Record set section start

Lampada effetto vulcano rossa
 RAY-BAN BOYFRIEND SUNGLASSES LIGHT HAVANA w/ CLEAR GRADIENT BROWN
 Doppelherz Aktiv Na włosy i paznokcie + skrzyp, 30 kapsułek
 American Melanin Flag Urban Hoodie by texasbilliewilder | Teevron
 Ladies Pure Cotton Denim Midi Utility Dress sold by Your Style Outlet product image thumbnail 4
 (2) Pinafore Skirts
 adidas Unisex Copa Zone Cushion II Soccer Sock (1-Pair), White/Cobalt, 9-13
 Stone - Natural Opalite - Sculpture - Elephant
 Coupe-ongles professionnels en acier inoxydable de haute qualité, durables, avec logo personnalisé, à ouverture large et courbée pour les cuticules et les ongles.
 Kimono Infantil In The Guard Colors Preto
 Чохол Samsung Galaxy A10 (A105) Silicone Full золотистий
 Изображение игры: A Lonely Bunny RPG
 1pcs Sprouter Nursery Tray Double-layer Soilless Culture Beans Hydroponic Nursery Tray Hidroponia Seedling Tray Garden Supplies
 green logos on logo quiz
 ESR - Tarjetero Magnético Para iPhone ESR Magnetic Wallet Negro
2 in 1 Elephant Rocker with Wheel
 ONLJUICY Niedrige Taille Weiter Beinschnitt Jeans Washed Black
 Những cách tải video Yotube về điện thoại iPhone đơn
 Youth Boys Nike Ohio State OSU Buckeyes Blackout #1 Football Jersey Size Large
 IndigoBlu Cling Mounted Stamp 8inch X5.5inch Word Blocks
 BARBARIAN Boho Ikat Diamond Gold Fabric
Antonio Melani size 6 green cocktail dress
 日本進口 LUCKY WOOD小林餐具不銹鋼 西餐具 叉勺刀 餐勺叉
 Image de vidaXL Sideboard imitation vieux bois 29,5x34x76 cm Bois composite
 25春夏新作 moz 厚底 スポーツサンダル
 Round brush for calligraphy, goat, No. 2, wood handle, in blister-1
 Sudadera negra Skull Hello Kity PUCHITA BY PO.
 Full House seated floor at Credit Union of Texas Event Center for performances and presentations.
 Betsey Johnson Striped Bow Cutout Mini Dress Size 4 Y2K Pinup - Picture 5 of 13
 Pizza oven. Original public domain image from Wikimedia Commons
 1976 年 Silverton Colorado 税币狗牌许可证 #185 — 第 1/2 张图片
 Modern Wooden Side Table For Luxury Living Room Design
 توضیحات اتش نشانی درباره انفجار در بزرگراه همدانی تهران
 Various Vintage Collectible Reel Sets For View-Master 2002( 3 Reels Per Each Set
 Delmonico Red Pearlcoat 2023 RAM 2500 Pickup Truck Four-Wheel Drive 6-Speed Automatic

Record set section end

**Description of the task:**
Pull every line containing "iPhone" out of the records.

**Task response:**
 ESR - Tarjetero Magnético Para iPhone ESR Magnetic Wallet Negro
 Những cách tải video Yotube về điện thoại iPhone đơn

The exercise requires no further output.